# ASSIGNMENT
Do not include the pictures; repeat the rest of the data exactly.

Records drawn from a dataset:
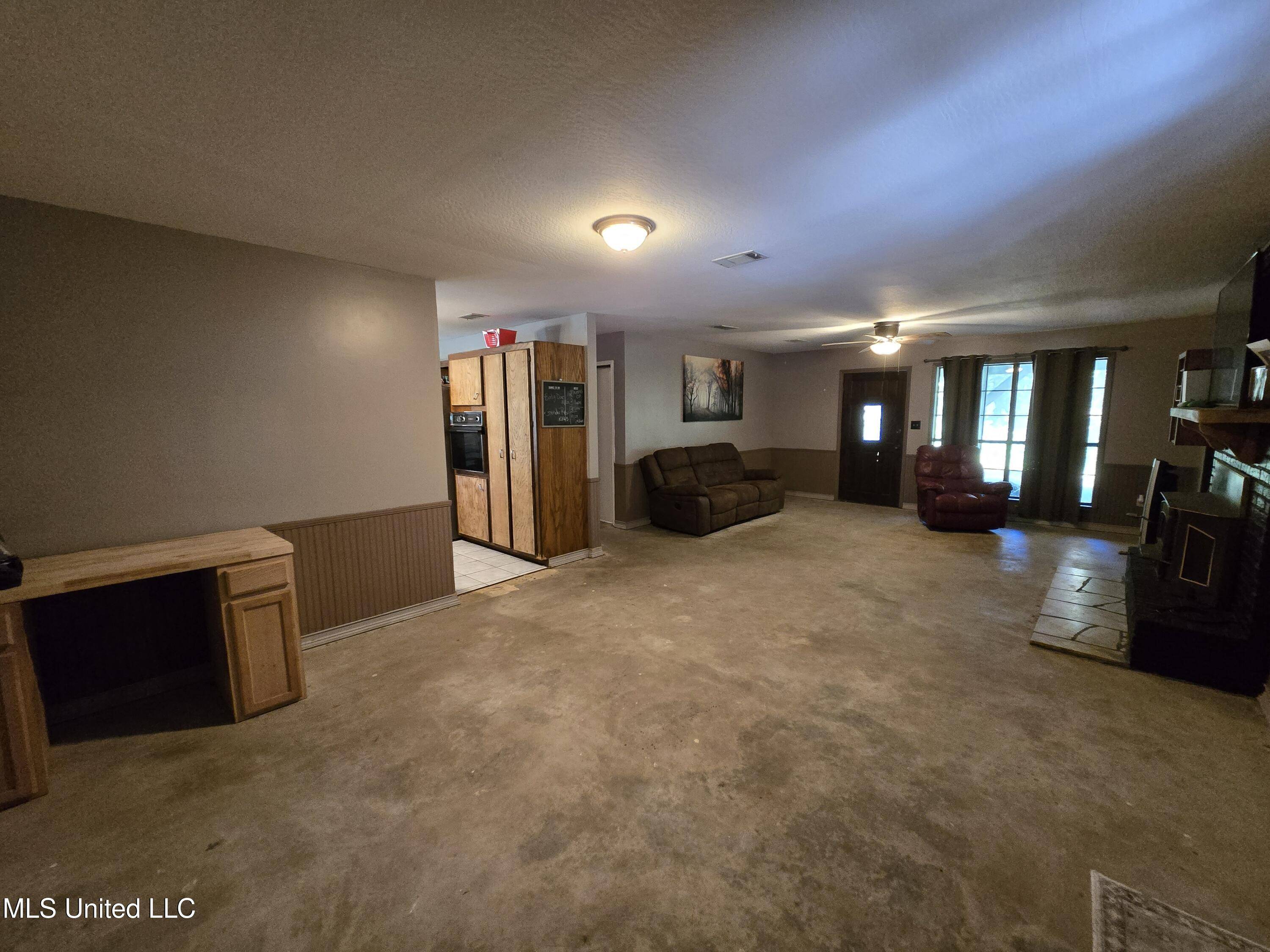 Hattiesburg, MS 39401,542 Southgate Road
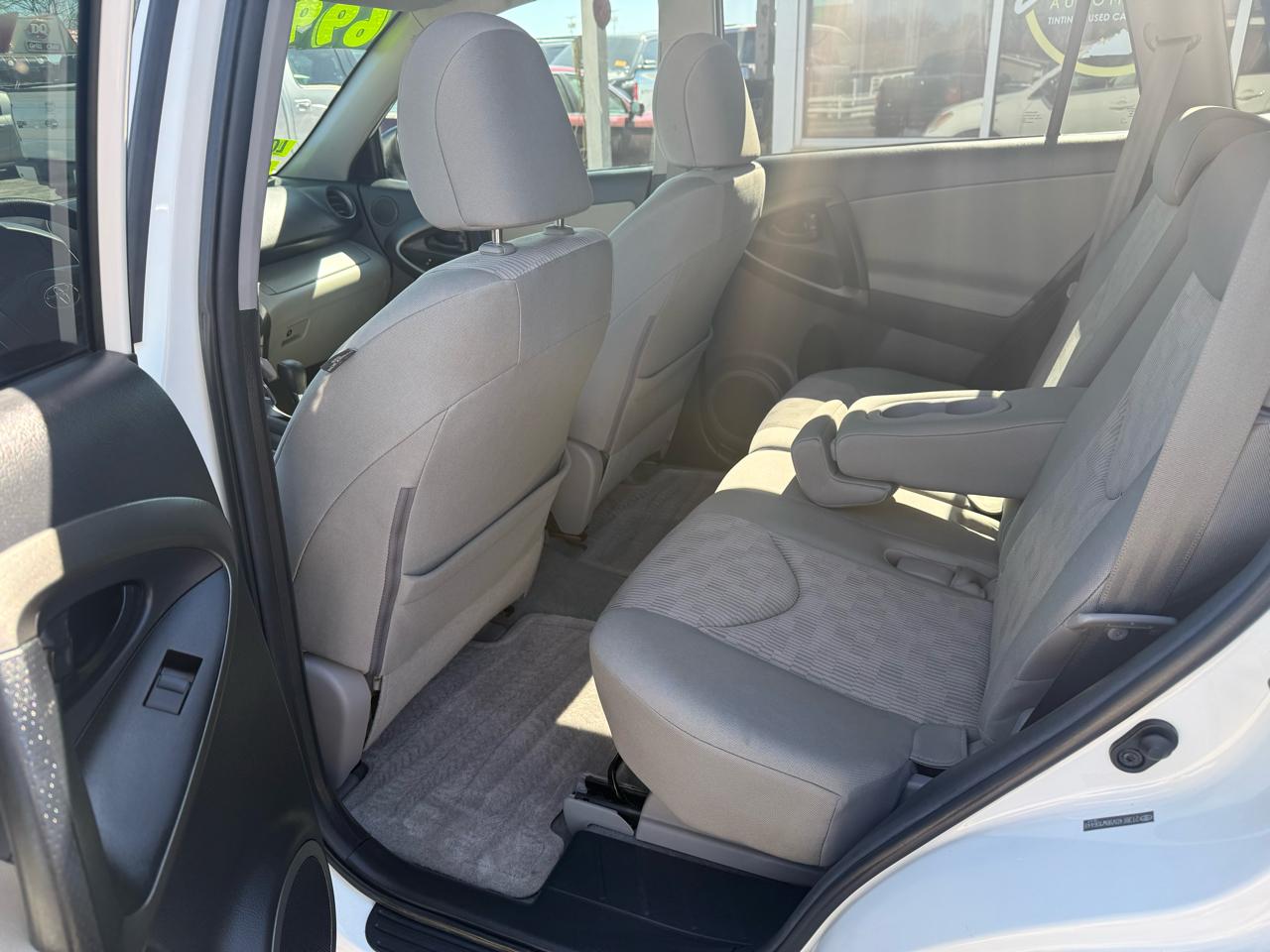 Toyota RAV4 Base I4 4WD 2011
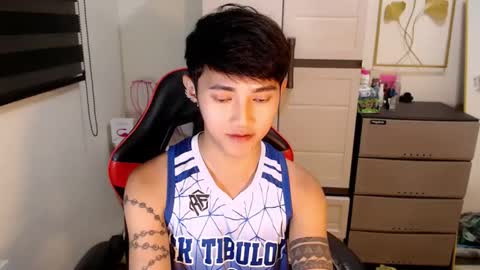 Snapshot of cuteasiancock98 chatting on 04.25.26 Steph online show from 04.25.26
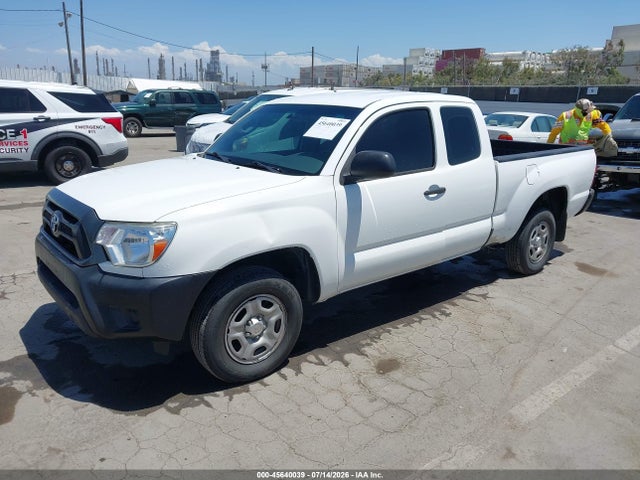 2015 Toyota TACOMA — фото 2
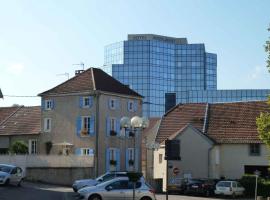 Hotel de la Tour, hotel in Dampierre-sur-Salon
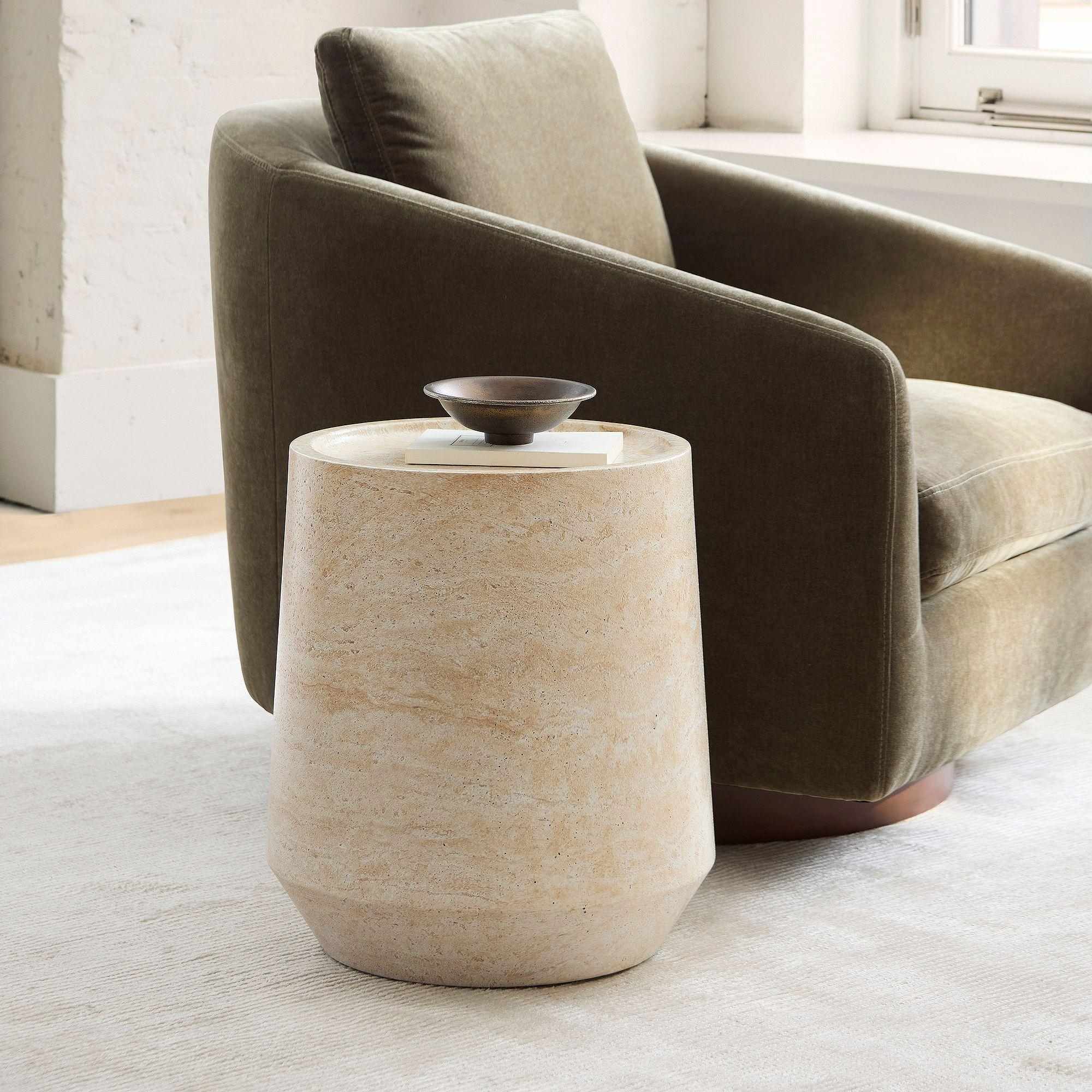 Alexander Indoor/Outdoor Side Table (16")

# ANSWER FOR THIS EXERCISE
 Hattiesburg, MS 39401,542 Southgate Road
 Toyota RAV4 Base I4 4WD 2011
 Snapshot of cuteasiancock98 chatting on 04.25.26 Steph online show from 04.25.26
 2015 Toyota TACOMA — фото 2
 Hotel de la Tour, hotel in Dampierre-sur-Salon
 Alexander Indoor/Outdoor Side Table (16")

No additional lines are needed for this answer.